Pakistan’s population is estimated at some 176 million (Pakistan Census Organization, Government of Pakistan, 2011). The official language is Urdu, though regional languages are also very popular. English is most commonly spoken by the country’s elites. Islam is the dominant religion, with small minorities of Christians, Hindus, and others.
Located in a part of the world with a rich and ancient history, the modern state of Pakistan was created in 1947 when the Indian sub-continent was divided: Pakistan was created as a state for Muslims of India, with east and west sections separated by India in between.
Yet the division left unresolved the status of the strategically important territory of Kashmir, and India and Pakistan fought wars in 1947-48 and again in 1965 over this area.
In 1971, unrest within East Pakistan followed by a third war between Pakistan and India led to East Pakistan becoming the independent state of Bangladesh.

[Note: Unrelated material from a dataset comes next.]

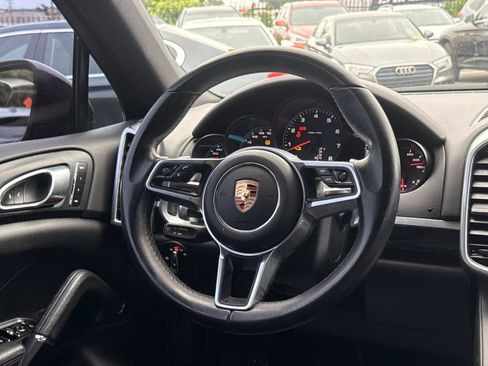Used 2017 Porsche Cayenne Platinum Edition AWD/4WD image 35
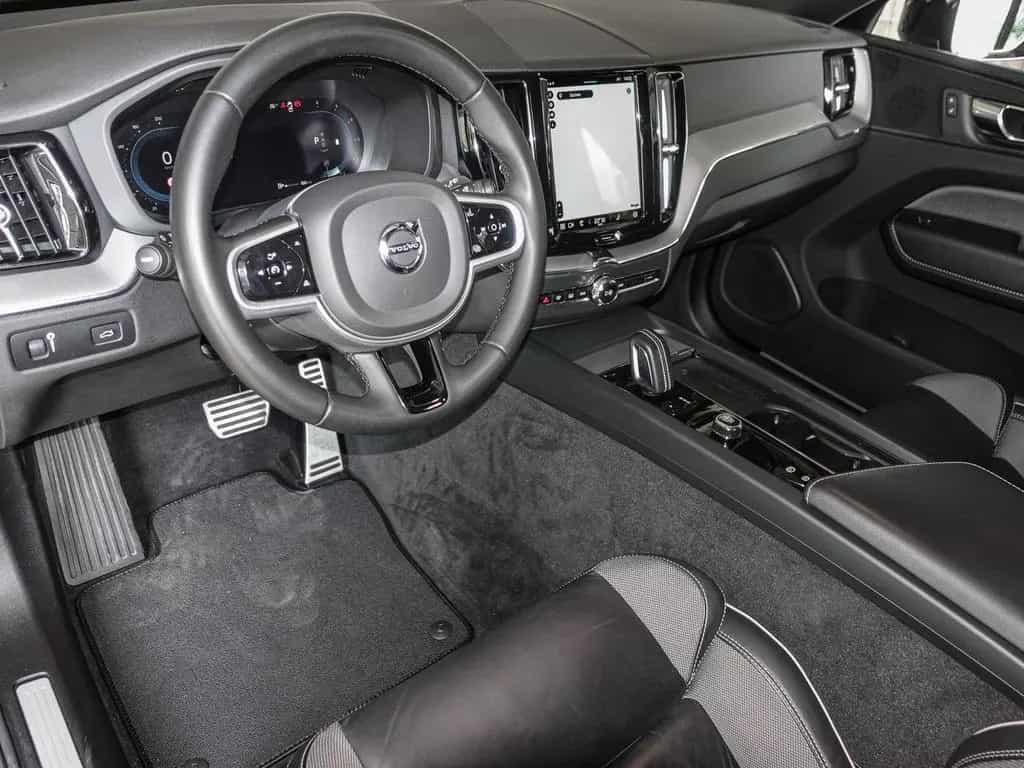 Volvo XC60 R Design 2WD B4 Diesel EU6d StandHZG AHK Le 08/2021-photo-3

Animosity between Pakistan and India remained a constant and tensions again flared up after India, followed by Pakistan, tested nuclear weapons in 1998. The two sides fought a limited war in Kashmir in 1999 and experienced a major crisis in 2001-02 and then after the Mumbai terrorist attacks in 2008.They have also intermittently made efforts to normalize relations but all have proved to be in vain.

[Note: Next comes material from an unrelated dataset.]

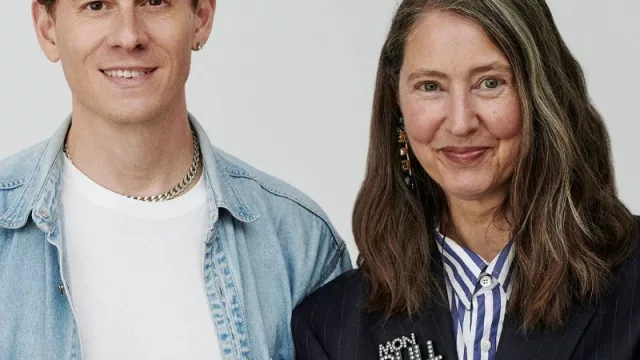 H&M y Mugler de la mano (todo para la colección 2023 de otoño)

Alternating periods of military and civilian rule has prevented Pakistan from consolidating democratic rule and has often led to internal instability. The most recent military ruler, General Musharraf took power in a coup in 1999 and following the September 11, 2001 attacks in the U.S., pledged cooperation with U.S. counter-terrorism efforts.

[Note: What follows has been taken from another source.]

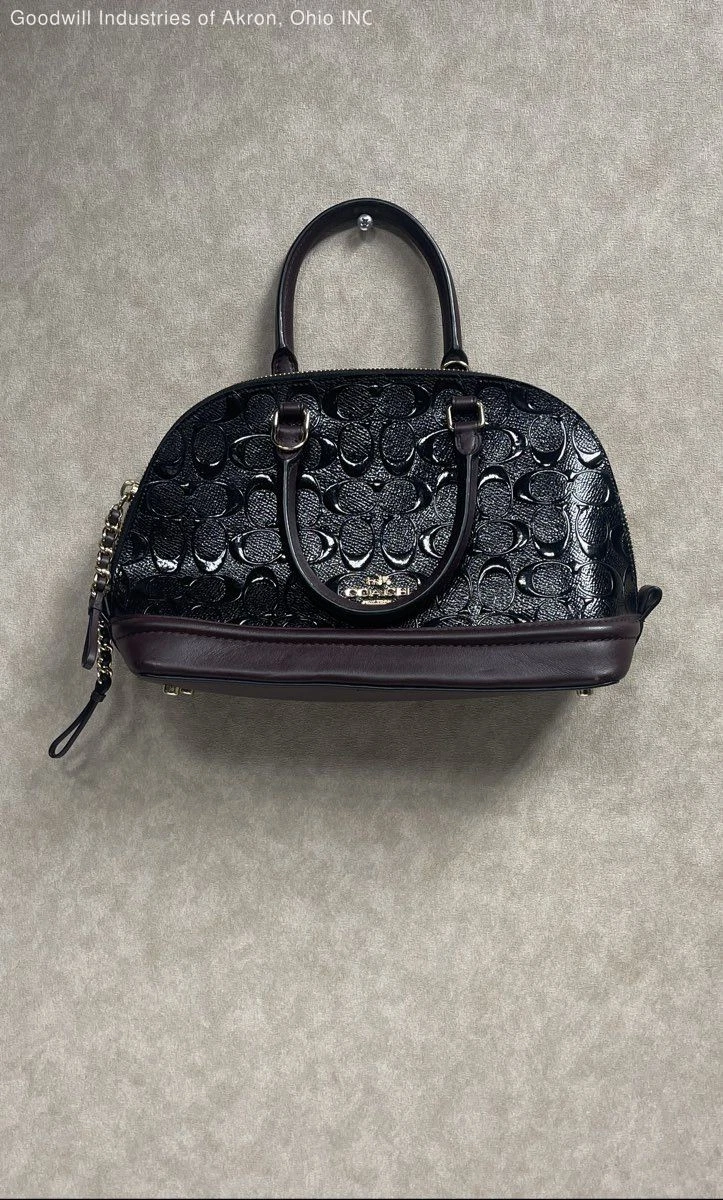 バッグ Coach Patent Leather Turnrock mini Pouch COACH® | Twin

Following a return to civilian rule in 2008, under Prime Minister Yousuf raza Gilani, the U.S. publicly announced its commitment to strengthening Pakistan’s transition to democracy. The current democratic dispensation in Pakistan has raised hopes for institutional revival, and the civilian leadership has had notable political successes despite increased militant violence and a severe economic crisis that has left Pakistani institutions excessively stressed.
Pakistan continues to face the challenges of militancy of all kinds within its own borders. The government and military leaders are struggling to control domestic insurgents and transnational militants, many of whom are located in the tribal areas adjacent to the border with Afghanistan. Violence in the areas bordering Afghanistan, and in Afghanistan itself, has led to large numbers of displaced people and has placed a strain on Pakistani institutions and resources.
Following the killing by U.S. forces of Al-Qaeda leader Osama bin Laden in a Pakistani Garrison town in May 2011, relations between the U.S. and Pakistan became strained, though a stable Pakistan remains an important U.S. national security interest in that region. Both sides have pledged to continue cooperation.
The United States Institute of Peace’s work in Pakistan focuses on improving mutual understanding between the U.S. and Pakistan; strengthening Pakistan’s capacity to mitigate conflict; and promoting peacebuilding through education and civil society initiatives.
Over several years, USIP has been involved in training conflict resolution facilitators, promoting peace education in Islamic seminaries, encouraging community and policy level dialogues aimed at conflict management and prevention, and conducting research and analysis on the ground in Pakistan.
USIP is actively engaged in helping policymakers understand and address these complex issues as well as supporting initiatives to foster long-term peace and stability through a variety of research and action-oriented programs.